Foulds’ first Boston Marathon experience occurred in 2013. She and more than 3,000 other runners had been stopped at mile 23.8 with no information or cell phone service to relay news about the terrorist bombs at the finish line. It was another hour before they were moved off the course to a nearby school for shelter, and not until 10 p.m. when Foulds got back to her hotel room, where she was reunited with her unharmed husband who had been waiting for her at the finish line.
The following year she and others who didn’t finish were invited back by the B.A.A. “It was probably the best experience of running I’ve ever had,” Foulds says. “It was really wonderful.”
This year Foulds is running in the mobility and impaired category at Boston and as one of the Global Heroes, a team of 25 runners with implanted medical devices sponsored by the Medtronic Foundation—the same medical device company that made the rechargeable battery implanted into Foulds’ chest in August of 2014. The battery is built to last nine years. Before that Foulds was having surgery almost every year to replace the battery.

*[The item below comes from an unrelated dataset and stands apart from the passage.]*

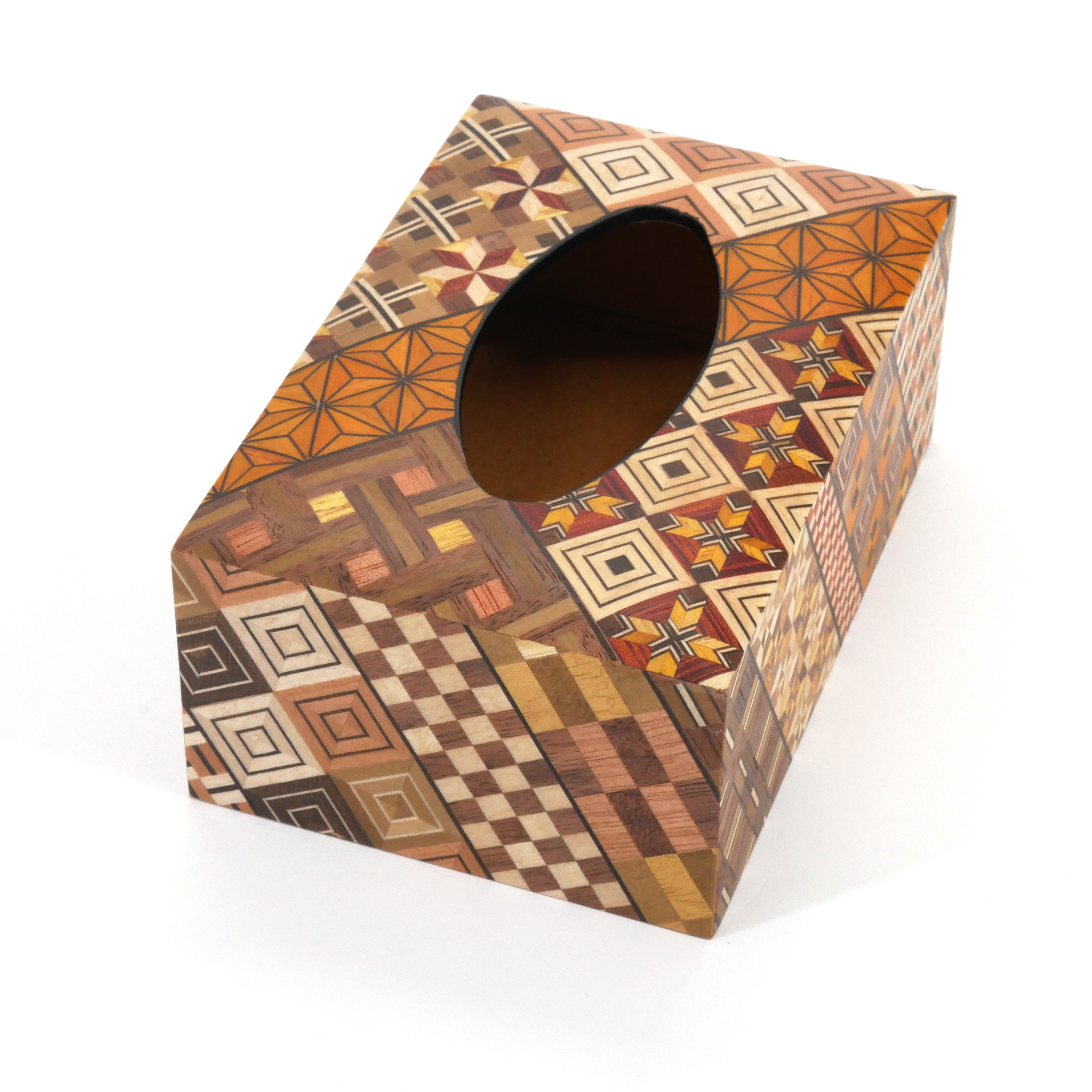 Kleine Taschentuchbox in traditioneller Yosegi-Marketerie von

“It’s kind of like those cell phone chargers you use to lay your cell phone on them,” describes Foulds who chargers hers every night, even though it can last up to three days. “There’s a big pad, I lay it on my chest and it charges from a remote that I have wirelessly.”
The 2016 Boston Marathon might be Foulds’ last. She says she wants to explore doing other races and recently joined the 50 States Marathon Club.
“It’s looked at worldwide as the marathon everyone wants to get into and the idea that in 1999 when they told me I had Parkinson’s—I didn’t think I would be able to walk anymore—and now here I am doing the Boston Marathon,” says Foulds, who holds a 4:26 marathon PR. “Actually every marathon that I do is a big deal for me. The fact that I’m out there still doing it, still running.”